▸ **YOUR GOAL**
From the listing below, extract each entry exactly as written, minus the images.

[Opening EXERCISE MATERIAL section]

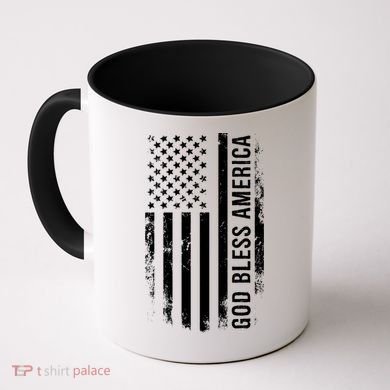 God Bless America Us Flag Cool Gift Coffee Mug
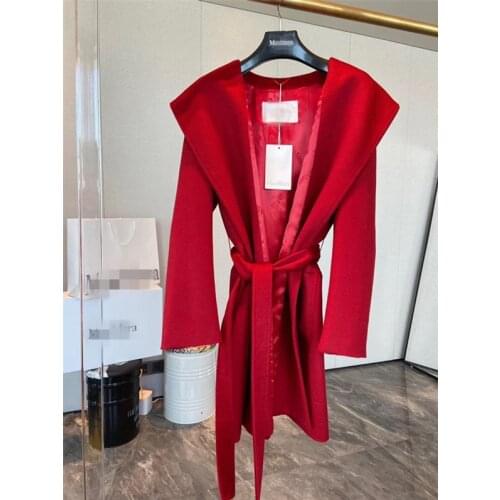 The New Fashion Autumn Winter Overcoat 100% camel Wool Ladies Sleeve Thick Warm Women Long Jacket Coats Cardigan
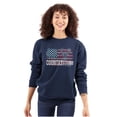 thumbnail image 3 of Country Strong Flag Deer Southwestern Sweatshirt for Men or Women Brisco Brands X, 3 of 6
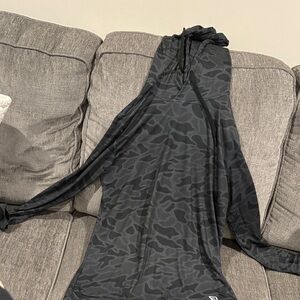 BURLEBO Gray Performance Hoodie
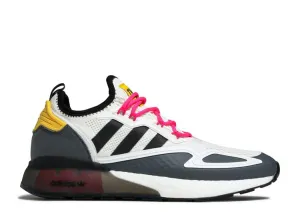 Adidas NINJA X ZX 2K BOOST 'TIME IN - WHITE GRAY' sneakers, white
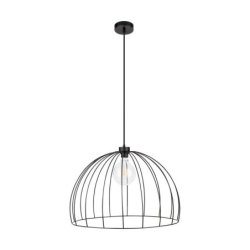 Coop Lampa Wisząca 1xE27 Max.60W Czarny/Czarny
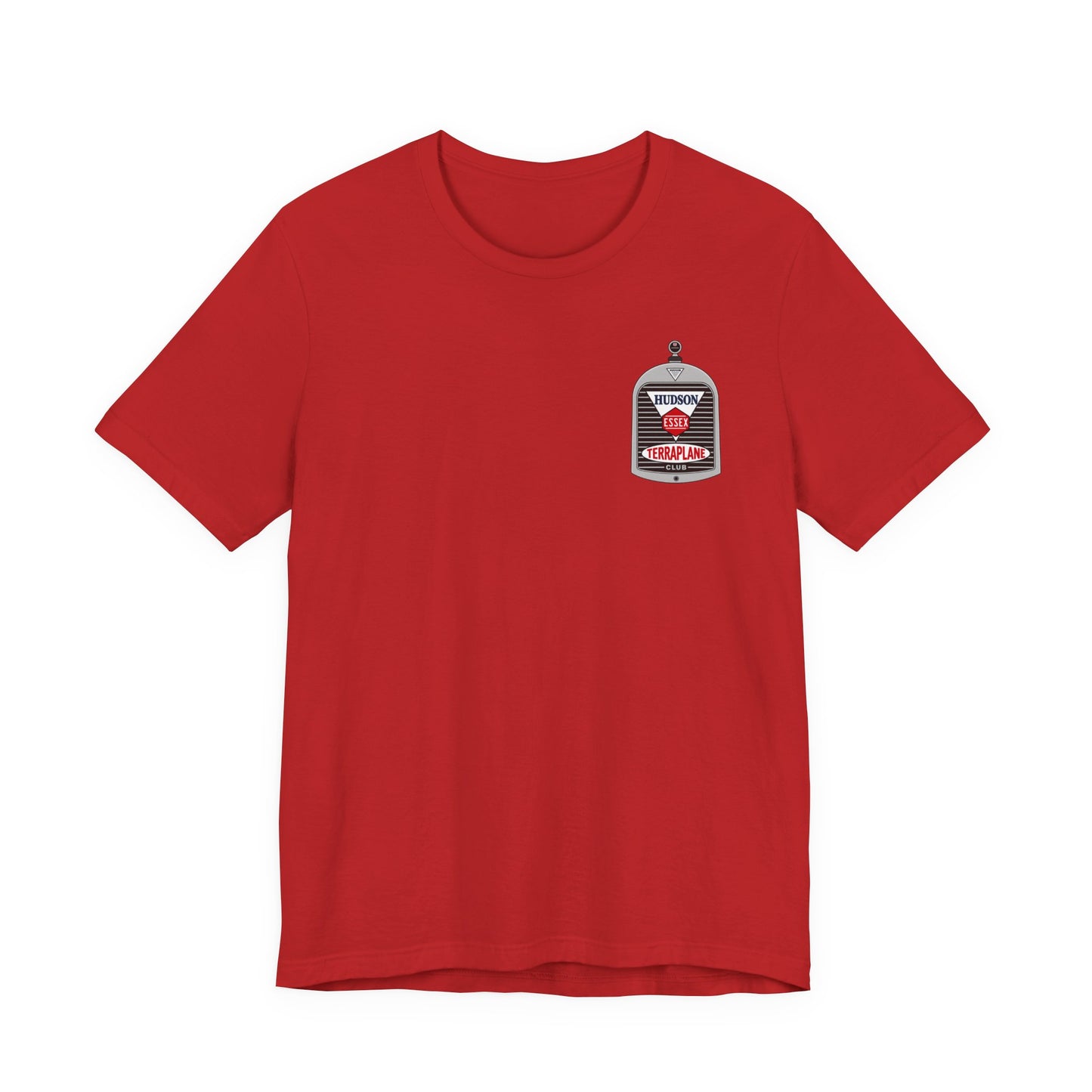 Hudson Essex Terraplane Club Small Chest Logo — Unisex Jersey Short Sleeve Tee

[Closing EXERCISE MATERIAL section]

▸ **RESPONSE BELOW**
 God Bless America Us Flag Cool Gift Coffee Mug
 The New Fashion Autumn Winter Overcoat 100% camel Wool Ladies Sleeve Thick Warm Women Long Jacket Coats Cardigan
 thumbnail image 3 of Country Strong Flag Deer Southwestern Sweatshirt for Men or Women Brisco Brands X, 3 of 6
 BURLEBO Gray Performance Hoodie
 Adidas NINJA X ZX 2K BOOST 'TIME IN - WHITE GRAY' sneakers, white
 Coop Lampa Wisząca 1xE27 Max.60W Czarny/Czarny
 Hudson Essex Terraplane Club Small Chest Logo — Unisex Jersey Short Sleeve Tee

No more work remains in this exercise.